About this task — In the data below, find the line that contains "Milvara White Leather Women's Sandals" and the line that contains "308 N Harrison". Copy both, plus every line between them, exactly.

Material for the task —
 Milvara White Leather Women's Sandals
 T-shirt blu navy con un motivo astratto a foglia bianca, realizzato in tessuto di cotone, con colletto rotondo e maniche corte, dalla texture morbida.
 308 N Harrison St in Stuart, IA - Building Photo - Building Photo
--
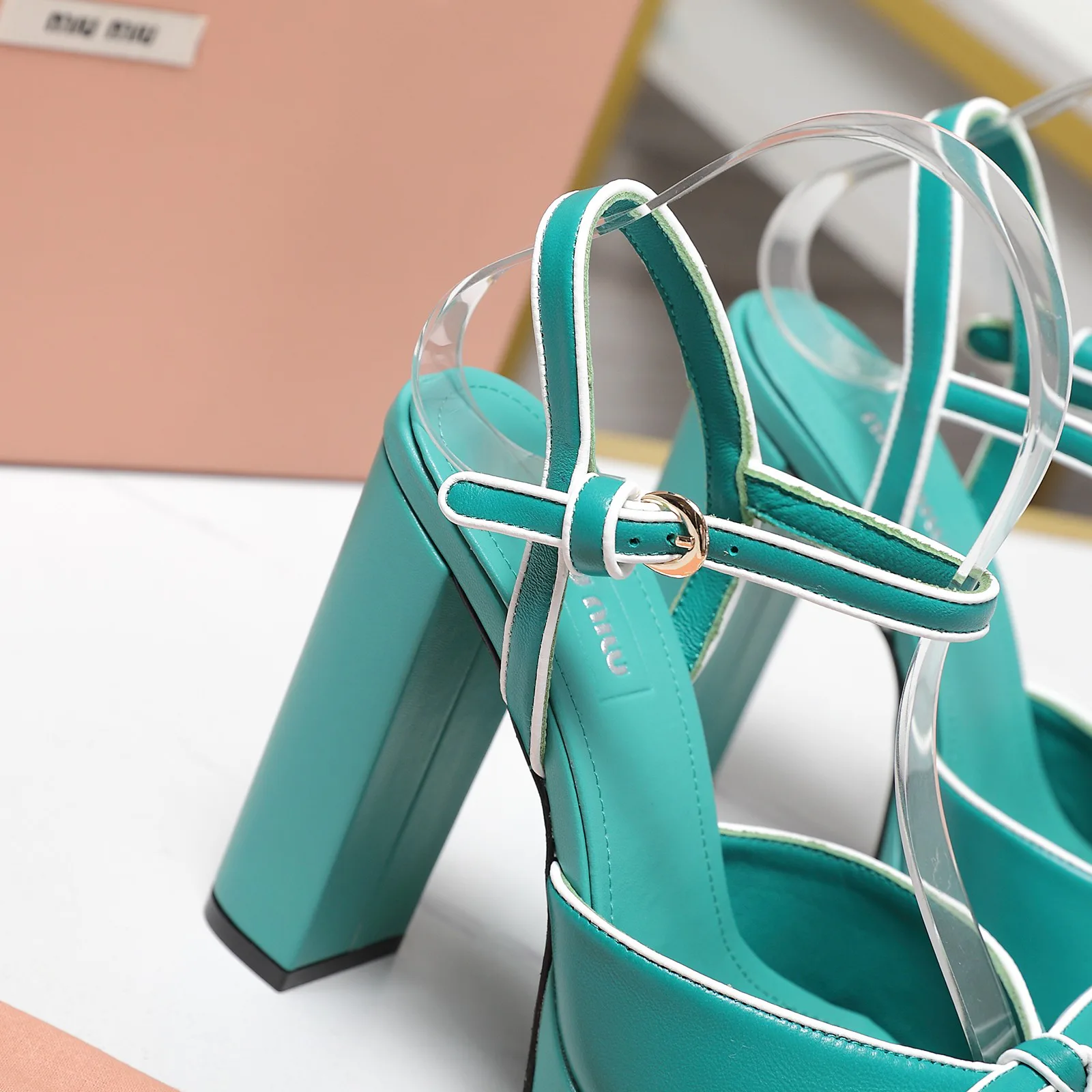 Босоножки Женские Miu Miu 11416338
...
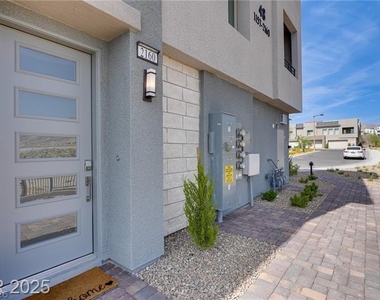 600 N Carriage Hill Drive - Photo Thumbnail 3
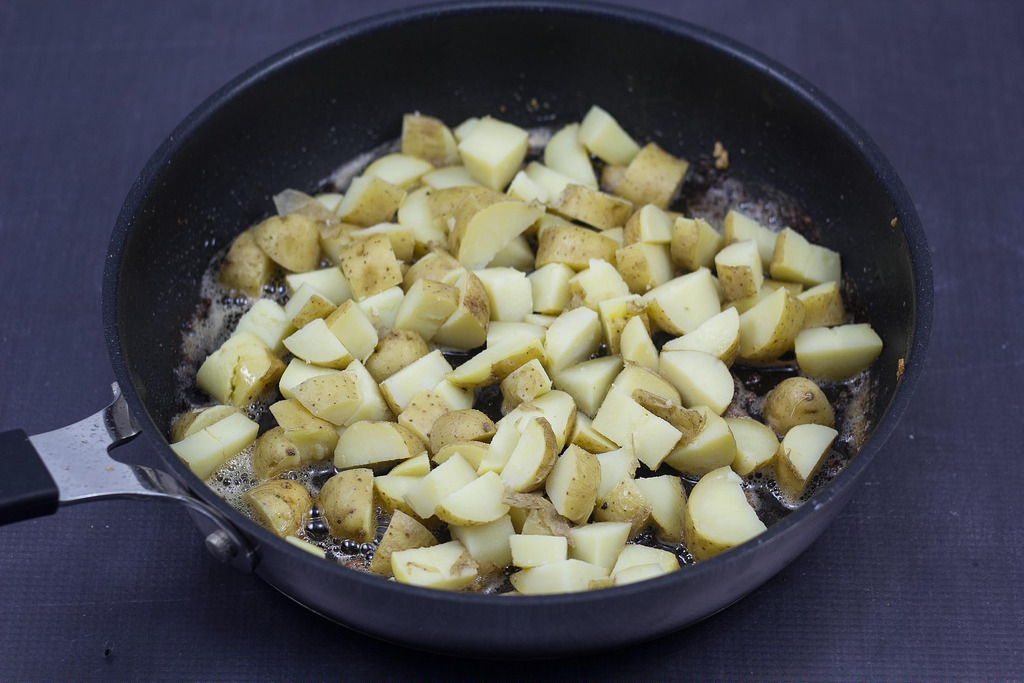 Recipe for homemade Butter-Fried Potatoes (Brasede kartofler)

Reply to the exercise —
 Milvara White Leather Women's Sandals
 T-shirt blu navy con un motivo astratto a foglia bianca, realizzato in tessuto di cotone, con colletto rotondo e maniche corte, dalla texture morbida.
 308 N Harrison St in Stuart, IA - Building Photo - Building Photo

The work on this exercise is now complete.